The structural and magnetic properties of BaFe12O19 nanoparticles: effect of residual sodium ions

Abstract

We studied the structural and magnetic properties of BaFe₁₂O₁₉ (BaM) nanoparticles synthesized by a co-precipitation route based on a modified citrate process. The lattice contraction of co-precipitated BaM nanoparticles is detected after prolonged sintering at 900 °C. In addition, investigation with X-ray photoelectron spectroscopy (XPS) provides evidence of a highly enhanced population of oxygen vacancies. The lattice distortion and formation of oxygen vacancies are attributed to a direct result of substitutional incorporation of smaller Na ions into Ba²⁺ sites in the lattice of BaM during prolonged annealing.
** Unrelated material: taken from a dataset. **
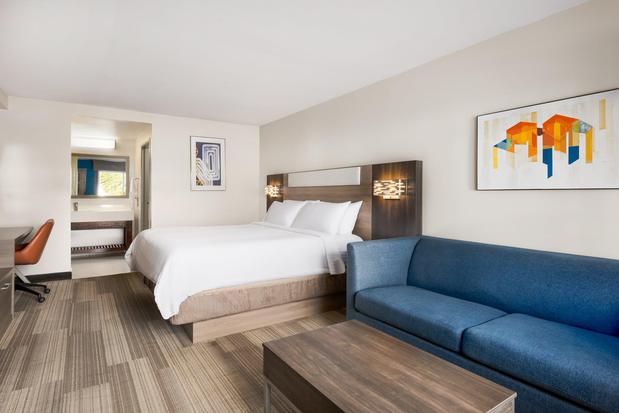 Images Holiday Inn Express Simi Valley by IHG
The aliovalent impurities are assumed to be originated from NaOH which has been incorporated as a pH modifier. Magnon scattering is detected at 1640 cm⁻¹ in the low temperature Raman spectra of BaM. Minimization of the magnon peak is also identified after prolonged annealing, which indicates oxygen vacancy-induced collapse of strong anti-ferromagnetic interaction between Fe³⁺ ions in the bipyramidal sites and the octahedral sites in BaM nanoparticles. As a result, the saturation magnetization (M_s) of BaM nanoparticles is enhanced by the onset of local ferromagnetic interaction induced by the collapse of antiferromagnetic interaction between oppositely aligned spins. In this study, we re-investigated the evolution of structural and magnetic properties with prolonged annealing of BaM nanoparticles and the effects of residual Na ions are also discussed.